Chinese Investments in Australia Fall to AUD 1.34 Billion, Down 36% – Study
In 2023, Chinese investment in Australia witnessed a significant decrease, plunging 36% to AU$1.34 billion from AU$2.1 billion in the previous year. This downturn is highlighted in the recent “Demystifying Chinese Investment in Australia (April 2024)” report by KPMG Australia and The University of Sydney. The report, which focuses on Chinese Overseas Direct Investment (ODI) in Australia for the January-December 2023 period, found that healthcare has now surpassed mining as the primary sector attracting Chinese investment.

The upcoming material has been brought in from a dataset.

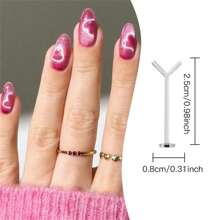 Y-Shaped Iron Wire Can Be Used With Magnets To Creat Heart Shapes Effect For Cat Eye Polish Magnetic Nail Art Tool Nail Art Accessories,Nail Supplies,Nail Tools,Nail Art Tools,Back To School,Nails,Nail Tools For Press On Nails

The year 2023 marked a notable shift in the investment landscape, registering the second lowest value since 2006. It also tied with 2021 for the lowest number of investment transactions, with only 11 deals recorded throughout the year. These trends unfolded despite a marginal recovery in global Foreign Direct Investment, which rose by 3% in 2023 to US$1,365 billion, following a 12% decline the previous year.
Interestingly, China’s global non-financial ODI bounced back to pre-pandemic levels in 2023, hitting US$130 billion. For the first time, investments in countries associated with China’s Belt and Road Initiative exceeded 20% of its total global ODI, a significant development in China’s international investment strategy.
A closer look at the distribution of these investments within Australia reveals that New South Wales attracted the lion’s share, receiving AU$1.01 billion or 82% of the total Chinese investment. Victoria followed with 16% (AU$211 million), and Western Australia trailed with a mere 2% (AU$28 million).
In terms of the source of these investments, there was a slight increase in funds coming from privately owned enterprises (POEs), which rose from AU$641 million in 2022 to AU$878 million in 2023.
The decline in Chinese investment in Australia has been ongoing since 2017, amid a backdrop of global economic uncertainty. In the six-year period between 2017 and 2023, there were 271 transactions, amounting to a cumulative US$23.5 billion. During this contraction phase, Chinese ODI has been predominantly directed towards sectors like mining, healthcare, food and agribusiness, renewable energy, and commercial real estate.
This trend reflects the shifting dynamics of international investment and highlights the evolving priorities and strategies of Chinese investors in the context of the global and Australian economies.